Dataset excerpts:
--- START ---

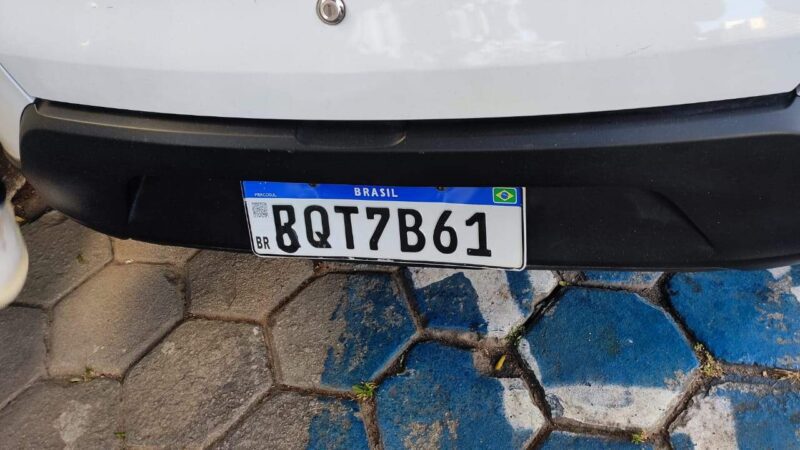 Prefeito flagra placa adulterada e motorista é preso em Vitória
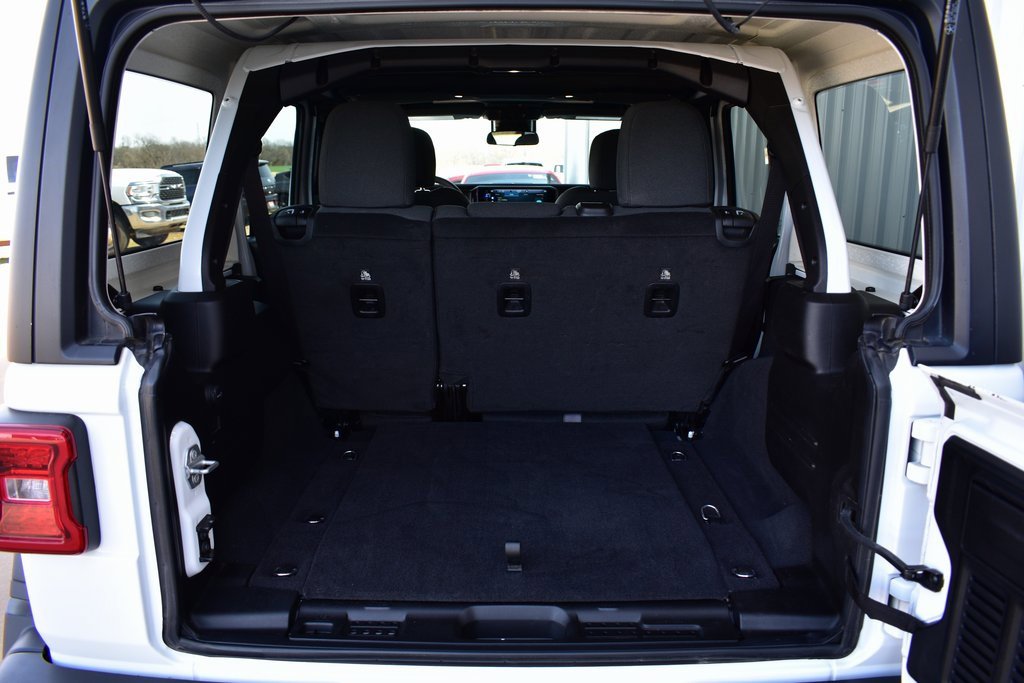 Used 2025 Jeep Wrangler Unlimited Rubicon image 29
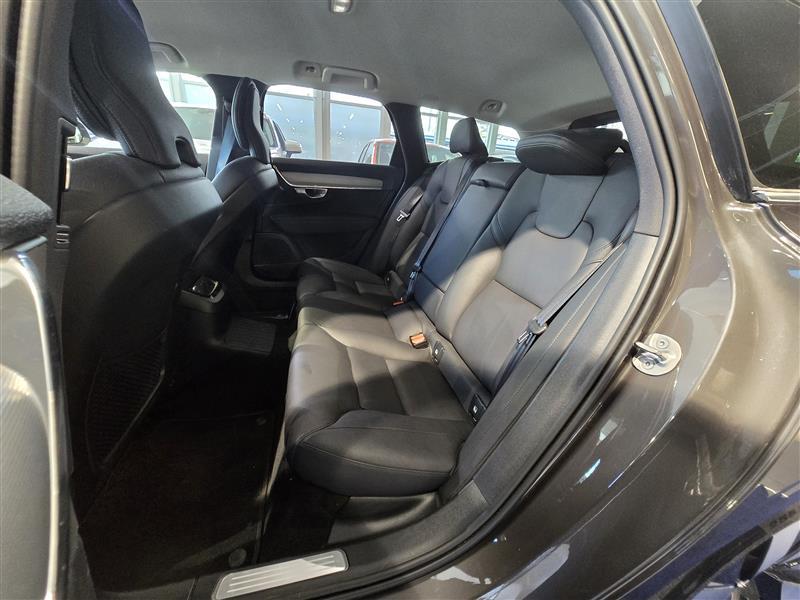VOLVO V90 2024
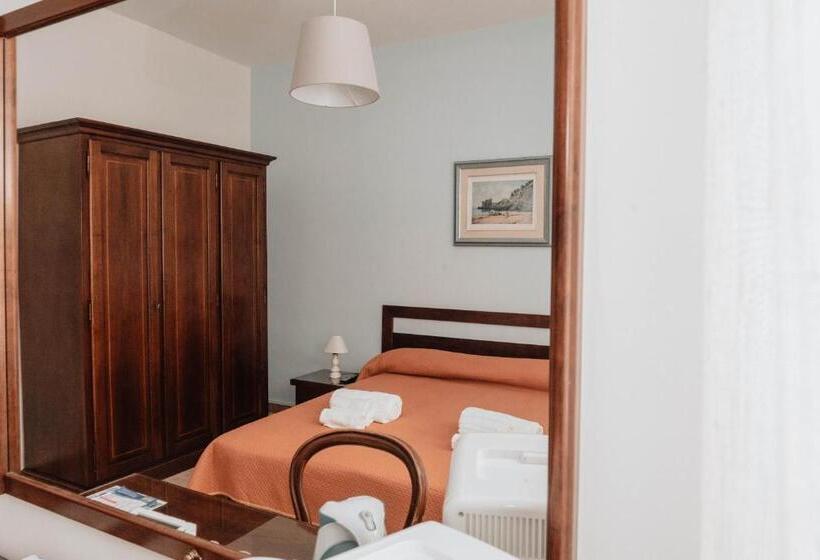 Номер Стандарт, B&b La Formichella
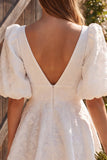 Robe courte de douche nuptiale ivoire à col en V à manches bouffantes jacquard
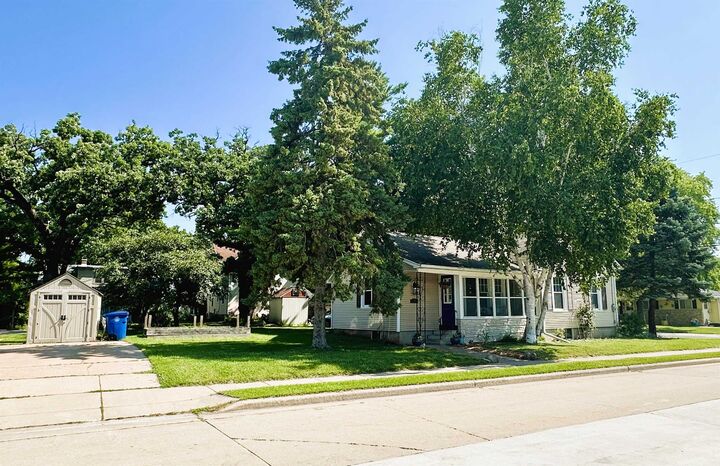 Property Photo: 704 Bismarck Avenue WI 54902-5803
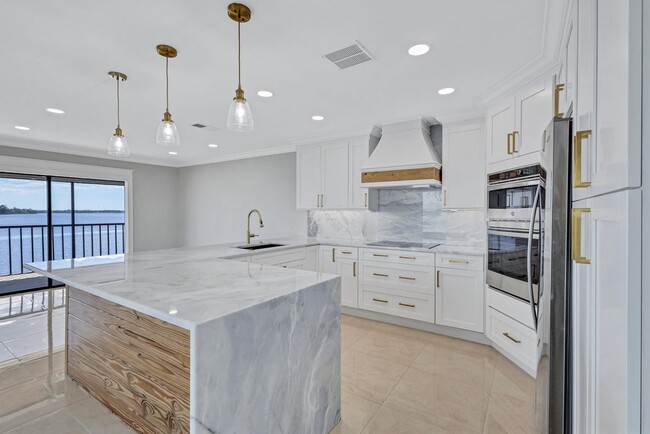 Building Photo - 4403 7th St E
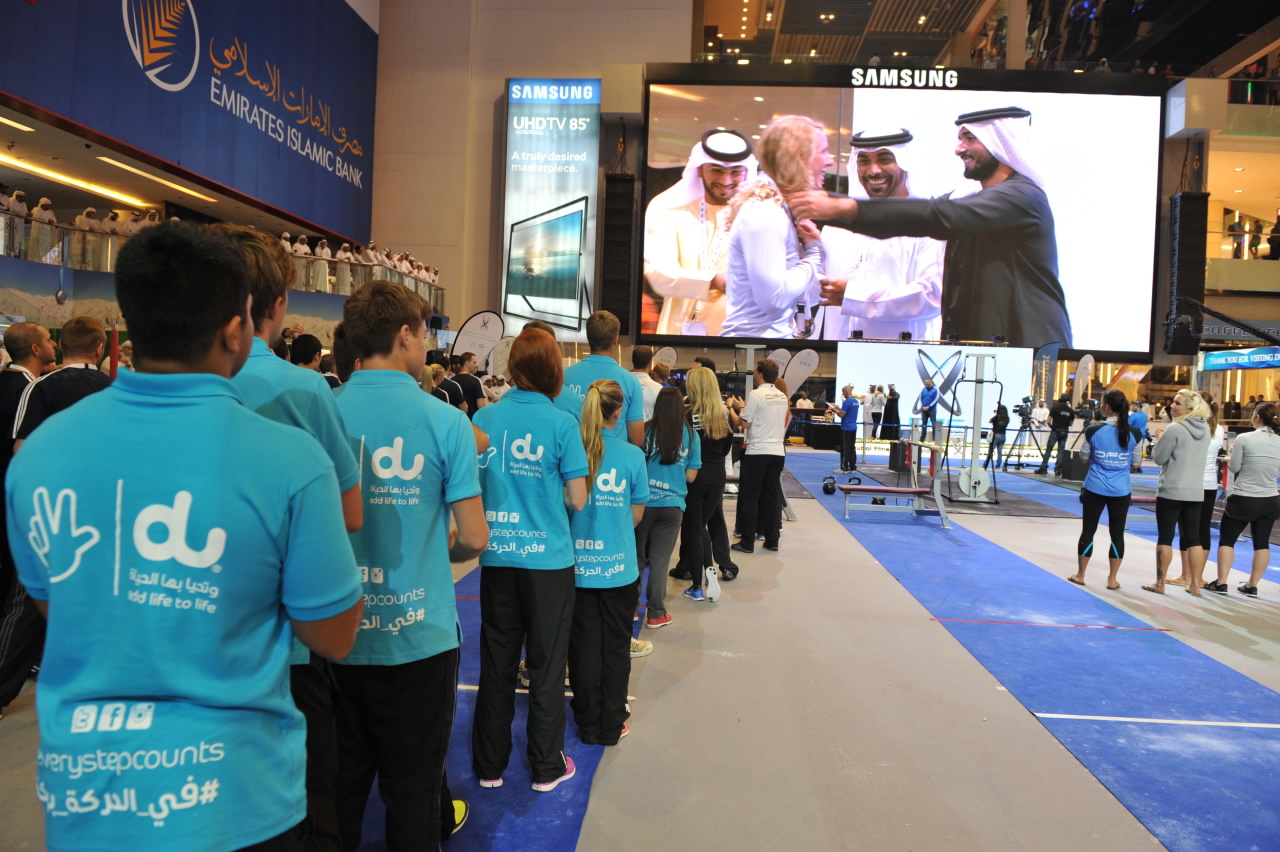80 dancers perform in a flash mob inspired by du’s Every Step Counts campaign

--- END ---

Problem details:
Beginning with the line that contains "Used 2025 Jeep" and ending with the last line of the data, restate each line word for word. Exclude the pictures.

Result below:
 Used 2025 Jeep Wrangler Unlimited Rubicon image 29
VOLVO V90 2024
 Номер Стандарт, B&b La Formichella
 Robe courte de douche nuptiale ivoire à col en V à manches bouffantes jacquard
 Property Photo: 704 Bismarck Avenue WI 54902-5803
 Building Photo - 4403 7th St E
80 dancers perform in a flash mob inspired by du’s Every Step Counts campaign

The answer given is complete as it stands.